Matt didn't bother mentioning that, in the position they were in, survival depended on winning. It went without saying.

So they gave everyone a chance to catch up on eating and sleeping—though they still rationed the food, at Matt's insistence; he knew what gorging could do to people who'd been on a bare subsistence diet for so long. Between snoozes, the peasants packed food, and the soldiers packed weapons—Sir Guy made it very clear that personal possessions would have to stay behind.

So it was, a long triple file that flowed out across the drawbridge, in the early morning light two days later—an inner file of peasants, many driving carts filled with provisions, with soldiers pacing them on either side. Robin and his band led the way, right behind Sir Guy and Matt.
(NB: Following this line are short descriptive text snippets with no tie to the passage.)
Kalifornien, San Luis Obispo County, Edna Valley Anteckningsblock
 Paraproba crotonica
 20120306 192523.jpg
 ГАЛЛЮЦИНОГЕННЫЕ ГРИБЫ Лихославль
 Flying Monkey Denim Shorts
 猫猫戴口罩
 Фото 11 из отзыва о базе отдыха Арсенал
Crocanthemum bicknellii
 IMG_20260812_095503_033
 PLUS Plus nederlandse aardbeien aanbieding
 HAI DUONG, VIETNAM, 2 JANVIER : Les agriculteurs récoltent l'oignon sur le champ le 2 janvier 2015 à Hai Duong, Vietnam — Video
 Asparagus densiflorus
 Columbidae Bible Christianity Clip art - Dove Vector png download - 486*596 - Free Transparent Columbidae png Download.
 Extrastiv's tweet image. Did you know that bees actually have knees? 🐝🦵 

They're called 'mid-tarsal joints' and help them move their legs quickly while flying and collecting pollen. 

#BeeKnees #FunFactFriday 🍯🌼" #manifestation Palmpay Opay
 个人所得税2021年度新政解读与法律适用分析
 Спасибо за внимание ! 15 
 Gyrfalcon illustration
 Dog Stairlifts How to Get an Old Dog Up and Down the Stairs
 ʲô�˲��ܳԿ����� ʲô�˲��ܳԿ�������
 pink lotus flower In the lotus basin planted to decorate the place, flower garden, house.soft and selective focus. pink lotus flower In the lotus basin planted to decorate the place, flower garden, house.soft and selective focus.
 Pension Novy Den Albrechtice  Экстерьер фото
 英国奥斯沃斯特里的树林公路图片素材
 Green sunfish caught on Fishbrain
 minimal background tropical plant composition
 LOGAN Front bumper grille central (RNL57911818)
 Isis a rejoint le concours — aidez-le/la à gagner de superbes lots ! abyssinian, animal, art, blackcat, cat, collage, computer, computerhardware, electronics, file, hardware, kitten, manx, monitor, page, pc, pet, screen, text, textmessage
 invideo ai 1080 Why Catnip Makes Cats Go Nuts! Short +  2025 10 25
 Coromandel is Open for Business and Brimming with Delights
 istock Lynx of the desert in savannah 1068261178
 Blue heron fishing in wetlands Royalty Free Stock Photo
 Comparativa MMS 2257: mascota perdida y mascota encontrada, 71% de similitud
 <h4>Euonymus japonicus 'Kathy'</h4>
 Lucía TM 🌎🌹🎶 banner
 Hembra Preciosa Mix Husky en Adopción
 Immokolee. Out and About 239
"So why don't I get to carry the knight?" Narlh growled. "Too low-class, huh?"

"Now, Narlh, you know 'tis naught of the sort," Yverne soothed him. " 'Tis only that Sir Guy is accustomed to the dragon—and I most surely am not." She shuddered.

Narlh immediately softened. "Oh, all right, lady. Yeah, you need to ride just as much as any of the other women—and I wouldn't trust you to that big lunk of lizard. And I suppose the knight shouldn't do much walking, in all that tin he's wearing."

"It would overtax him sorely," Yverne agreed.

Matt reflected that they were in the right country for over-taxing.

The day was bright and clear when they set out—but it clouded up fast. About noon, with the clouds lowering about them, Matt began to feel a thickening in the air—not really the atmosphere, of course, but his own personal ambiance. He stepped over next to Stegoman and called upward toward the knight. "Sir Guy?"

"Aye, Lord Wizard?"

"I'm feeling magic thickening about me. Not much, yet, you understand, just the first traces."

The knight frowned and glanced back at Friar Tuck. The clergyman was marching along with a strained face. "Our holy man must sense it, too," Sir Guy said. "He is telling his beads."

Matt looked behind, startled. Sure enough, Friar Tuck had hauled out a rosary large enough to qualify as a minor weapon and was mumbling the old, simple prayers as he fingered the beads.

"What ill do our sorcerous enemies brew for us?" the Black Knight demanded.

Matt shook his head. "I don't know—too early to tell. But tell everybody to brace themselves for an attack."

"Whence could it come?" Sir Guy waved an arm at the wide plain all about them. The land stretched away to the horizon, golden with ripening grain—except for the swath of waste where the fleeing army had trampled it. They were marching down the middle of that swath, for it spread twenty yards on either side of the road, reminding Matt that they were marching toward their enemy—who might have pulled his men together by now. The notion didn't exactly improve Matt's state of mind.